#### Recorded data

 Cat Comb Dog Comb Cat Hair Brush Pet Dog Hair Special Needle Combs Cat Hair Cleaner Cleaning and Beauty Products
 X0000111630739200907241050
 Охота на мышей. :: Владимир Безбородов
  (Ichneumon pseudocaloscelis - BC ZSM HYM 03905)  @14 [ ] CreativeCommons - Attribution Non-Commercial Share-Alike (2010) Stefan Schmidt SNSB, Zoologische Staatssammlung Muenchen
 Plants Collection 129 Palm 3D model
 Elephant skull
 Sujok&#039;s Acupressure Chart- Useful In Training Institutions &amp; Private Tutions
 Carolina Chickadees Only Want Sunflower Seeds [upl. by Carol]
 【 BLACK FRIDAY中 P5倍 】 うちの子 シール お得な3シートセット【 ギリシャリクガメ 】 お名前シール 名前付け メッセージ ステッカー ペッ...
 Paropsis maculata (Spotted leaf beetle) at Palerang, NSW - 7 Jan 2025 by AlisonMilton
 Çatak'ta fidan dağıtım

########

--- What this task involves ---
Transcribe every line of the data, exactly as it stands.

--- Exercise response ---
 Cat Comb Dog Comb Cat Hair Brush Pet Dog Hair Special Needle Combs Cat Hair Cleaner Cleaning and Beauty Products
 X0000111630739200907241050
 Охота на мышей. :: Владимир Безбородов
  (Ichneumon pseudocaloscelis - BC ZSM HYM 03905)  @14 [ ] CreativeCommons - Attribution Non-Commercial Share-Alike (2010) Stefan Schmidt SNSB, Zoologische Staatssammlung Muenchen
 Plants Collection 129 Palm 3D model
 Elephant skull
 Sujok&#039;s Acupressure Chart- Useful In Training Institutions &amp; Private Tutions
 Carolina Chickadees Only Want Sunflower Seeds [upl. by Carol]
 【 BLACK FRIDAY中 P5倍 】 うちの子 シール お得な3シートセット【 ギリシャリクガメ 】 お名前シール 名前付け メッセージ ステッカー ペッ...
 Paropsis maculata (Spotted leaf beetle) at Palerang, NSW - 7 Jan 2025 by AlisonMilton
 Çatak'ta fidan dağıtım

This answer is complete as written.